Data records:
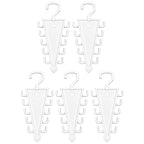 Rotating V-Shaped Accessory Hanger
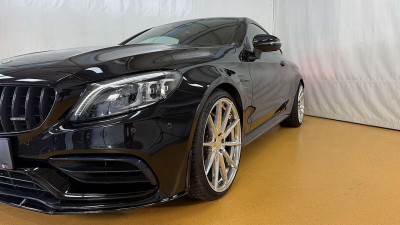 Mercedes-Benz C-Klasse Gebrauchtwagen Mercedes-Benz C-Klasse Gebrauchtwagen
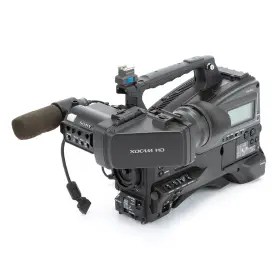 Sony Vdcsopmw350 Pmw-350 Xdcam Ex Hd Camcorder - No Lens 345 Hours Sku#2059585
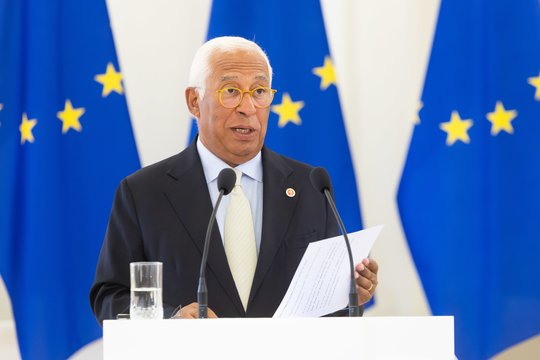Europos Vadovų Tarybos pirmininkas: ES turi planą iki 2030-ųjų būti pasirengusi atremti hibridines grėsmes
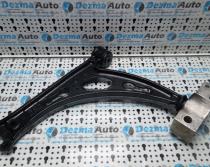 Cod oem: 1K0407153N, brat trapez stanga fata Skoda Octavia 2 Combi 1.4B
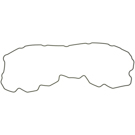 2020 Ram 2500 Engine Gasket Set - Valve Cover 1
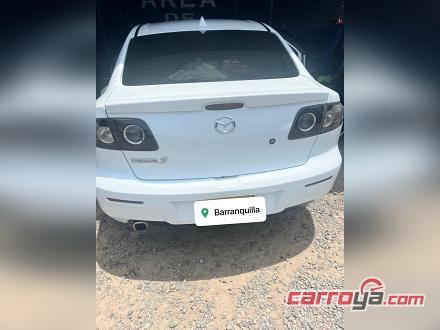 Mazda 3 2008 - imagen secundaria 1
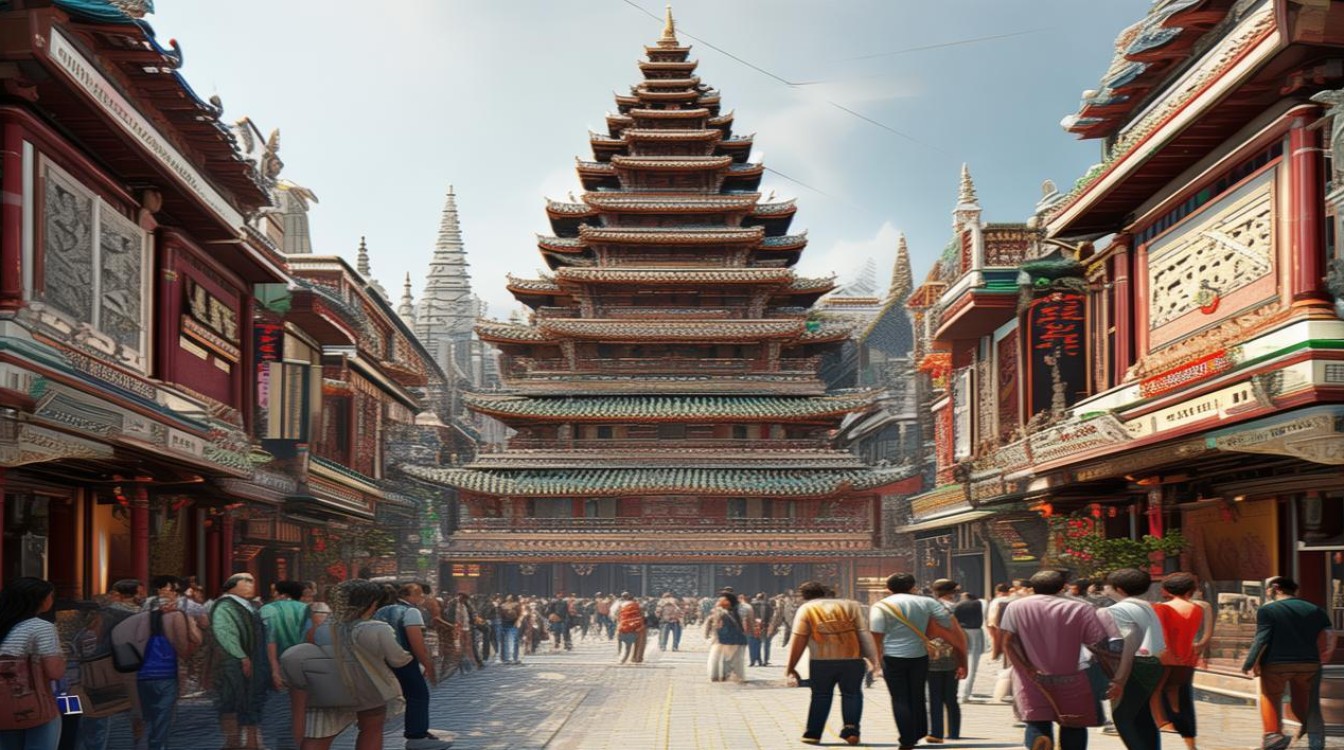 大城旅游景点 大城旅游景点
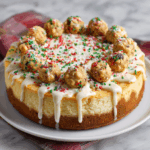 The Ultimate Sugar Cookie Cheesecake: A Magical Christmas Dessert Mashup
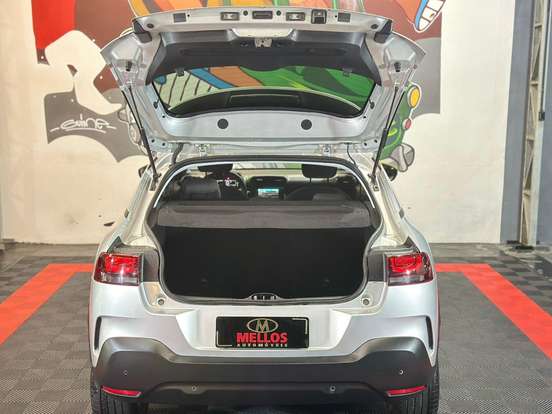 CITROËN-C4 CACTUS-2019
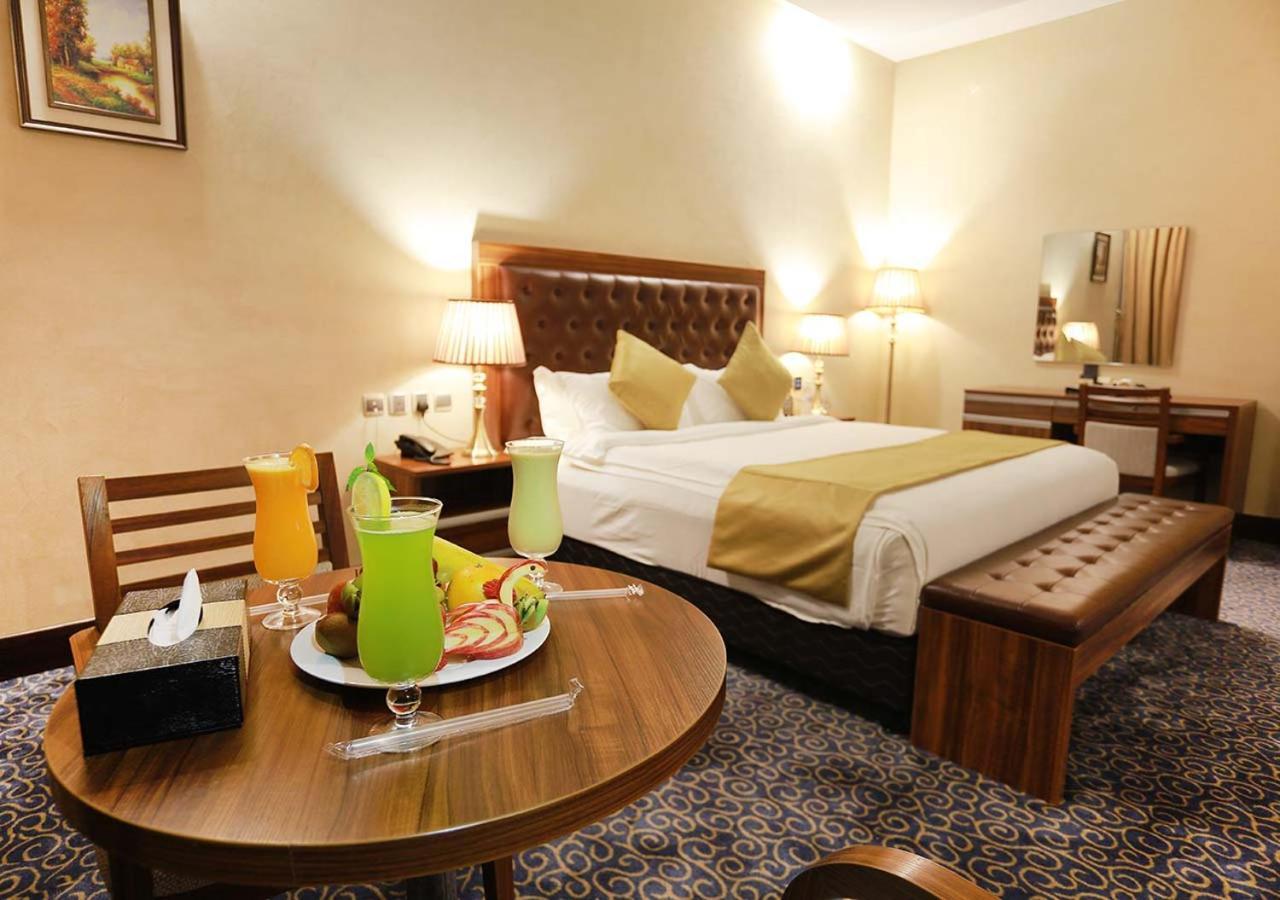 Karam Jeddah Hotel מראה חיצוני תמונה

What you will do:
Leave out every picture and transcribe the remaining entries exactly.

Response:
 Rotating V-Shaped Accessory Hanger
 Mercedes-Benz C-Klasse Gebrauchtwagen Mercedes-Benz C-Klasse Gebrauchtwagen
 Sony Vdcsopmw350 Pmw-350 Xdcam Ex Hd Camcorder - No Lens 345 Hours Sku#2059585
Europos Vadovų Tarybos pirmininkas: ES turi planą iki 2030-ųjų būti pasirengusi atremti hibridines grėsmes
 Cod oem: 1K0407153N, brat trapez stanga fata Skoda Octavia 2 Combi 1.4B
 2020 Ram 2500 Engine Gasket Set - Valve Cover 1
 Mazda 3 2008 - imagen secundaria 1
 大城旅游景点 大城旅游景点
 The Ultimate Sugar Cookie Cheesecake: A Magical Christmas Dessert Mashup
 CITROËN-C4 CACTUS-2019
 Karam Jeddah Hotel מראה חיצוני תמונה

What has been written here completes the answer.